Place the pork in a colander and pour boiling water over the pork skin until the meat as tightened up.
Allow the pork to drain off and then dry with kitchen towels.
Mix the five spice powder with the oil until you have it fully mixed.
Place the pork belly into a roasting pan and take a small, sharp knife (a paring knife is good) and make tiny little cuts in the skin using the tip of the knife. The more tiny little holes you put in the skin, the better the crackling will turn out.
Turn the pork belly over onto its skin and score the meat with a knife at 1 cm intervals. This will help the marinade flavour the meat and also help keep the pork belly flat when cooking.
Rub the marinade into the cuts in the meat and the sides of the belly.
Turn the belly over and rub salt over the skin.
Place the pork belly in the fridge uncovered for at least 12 hours before the next stage.
When you are ready to cook the pork, preheat your oven to 200˚C and remove the pork from the fridge allowing it to come up to room temperature.

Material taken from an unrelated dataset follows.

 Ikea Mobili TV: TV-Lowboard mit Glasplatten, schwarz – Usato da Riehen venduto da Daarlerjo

Place the pork on an oven tray with a rack, pour water into the tray and cook the pork until it has an internal temperature of 71˚C. I program my thermometer to a few degrees under this and remove the pork and rest in a warm place until it reaches the desired temperature.
Remove the pork from the oven and let it cool slightly.

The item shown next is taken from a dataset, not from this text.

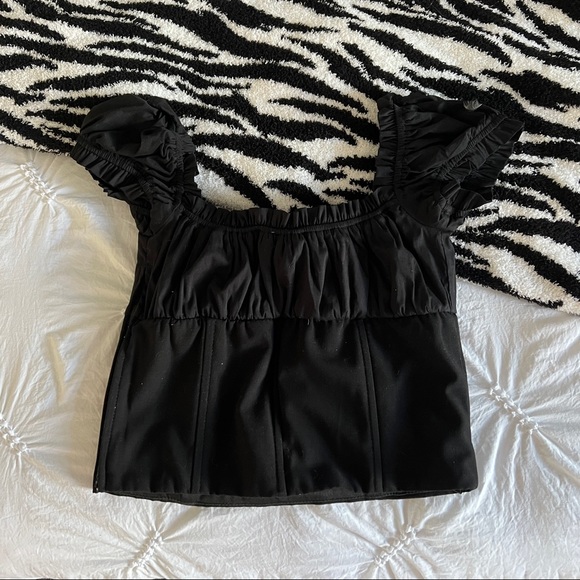 I Am Gia - Naomi Top in Black - Picture 3 of 4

Place the pork in a clean oven tray and place another oven tray on top of the pork. Press down with weights — canned food tins work well. Leave for 24 hours.
To finish the pork, remove the pork from the fridge until it come up to room temperature. Preheat the oven to 200˚C.
Place the pork in the oven and begin the reheating process.
When the pork is halfway to the desired temperature, switch the oven to the broil setting and monitor the skin of the pork. You want to reach that sweet spot where the skin has browned, bubbled and is crispy and up to temperature for serving.
Rest the pork for ten minutes in a warm place before serving.
Slice the pork belly up into pieces. Around 150 grams per person is perfect for a main course.